Led by the University of Teesside, the £1.6 million British Steel Archive Project has been running since April 2008 and is due to finish at the end of 2010. Partially funded by a £250,000 grant from the Heritage Lottery Fund, the project has also been successful in gaining financial support from Corus, as the current steel industrial presence on Teesside, and Community trade union (formerly the Iron & Steel Trades Federation). However, about £400,000 still needs to be raised in order to achieve all the objectives. Individual and corporate donations to the project are most welcome.

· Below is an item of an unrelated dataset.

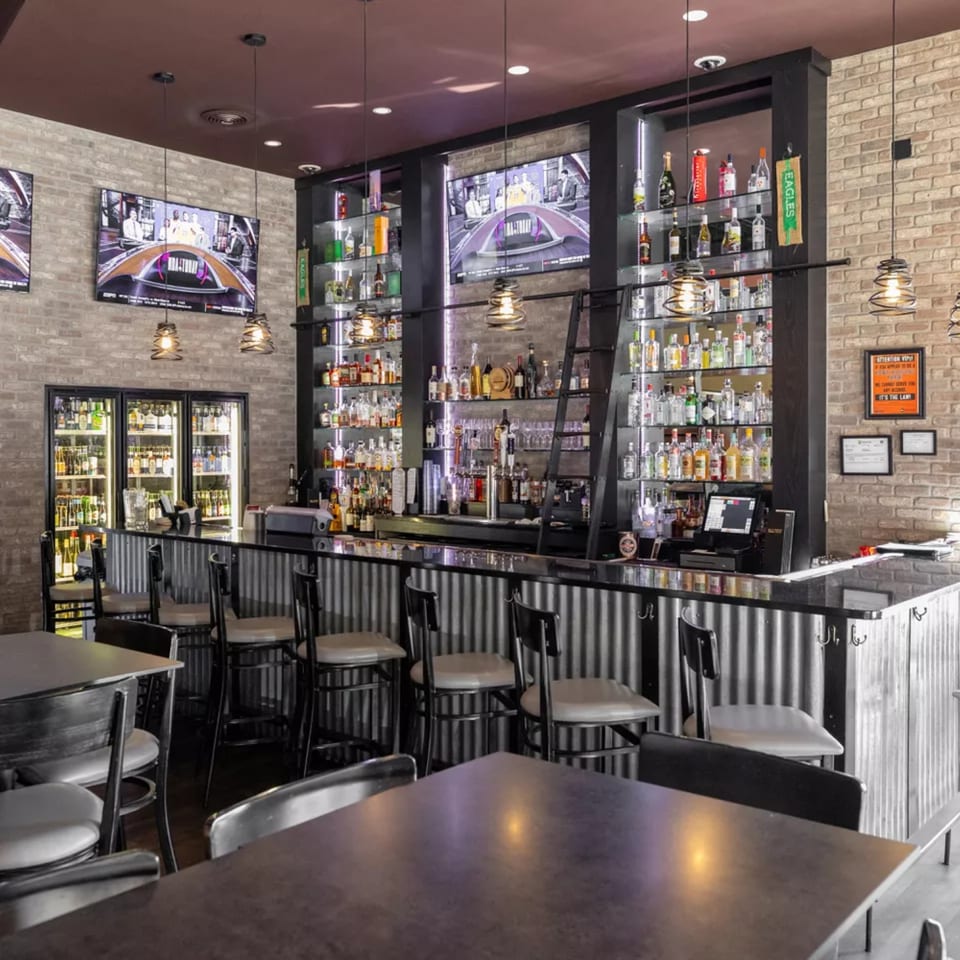 Vito's Coal Fired Pizza & Restaurant bar area with brick walls, liquor shelves, and TVs.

The British Steel Collection contains the records of forty or more iron and steel companies based in the Teesside area of the North East of England and covers the period c. 1840-1970. The history of Teesside, especially its rapid growth during the nineteenth century, is directly linked to the expansion of the railways from Darlington and Stockton towards the mouth of the Tees estuary and the subsequent discovery of ironstone in the Cleveland Hills which attracted iron companies to the area.
The Collection includes selected company records of many companies such as Bolckow & Vaughan, Bell Brothers, Cochrane & Co. Ltd., Dorman, Long & Co. Ltd., South Durham Steel & Iron Co. Ltd., Cargo Fleet Iron Company and Skinningrove Iron Co. Ltd. In addition, records of associated institutions as the Middlesbrough Exchange Co. Ltd. and the Cleveland Mineowners’ Association have been preserved. In its current, un-catalogued state, the Collection fills nearly 700 linear feet of shelving and it is anticipated that, once the repackaging is complete, it will double in size. As such, it is the biggest single deposit held by Teesside Archives.
In addition to the traditional business records, there are thousands of images (in various formats e.g. glass plate negatives), especially of construction projects around the world such as the Sydney Harbour Bridge, built by Dorman, Long & Co. Ltd. and opened in 1932. Engineering drawings, blueprints, maps and plans also feature significantly in the Collection. Of interest to family historians will be the many records pertaining to employees, directors and shareholders of the companies.
There are three main project aims:
· To create an electronic, searchable catalogue of the entire collection;
· To preserve and conserve vulnerable, damaged and high interest items within the collection; and
· To raise awareness about the collection via community engagement and outreach activities
The project team were recruited between April and August 2008 and have made significant progress to date. The archivist is over half way through compiling a full list of the contents of each box. This list will form the basis for the catalogue by sorting the records by company, by date and by type. From this list, the details of each record will be entered into the electronic cataloguing software which will be made available to the public via the internet. The conservation survey is underway which will help to prioritise items requiring repair, cleaning and repackaging. Outreach activities have been successfully raising awareness about the project and encouraging people to get involved with the project as a volunteer. Since October 2008, over 60 volunteers have been trained and over 40 are actively working on digitisation, indexing, collection care, small research projects, oral history interviews & public engagement activities.
Anyone with an interest in Teesside or industrial heritage will welcome the availability of this new resource, as will family historians with ancestors who migrated to this area to work in the ironstone mines, quarries, coal mines or the iron and steel companies which employed so many. As well as the catalogue, many items will be indexed and made available through the project website, together with a searchable gallery of images from the Collection.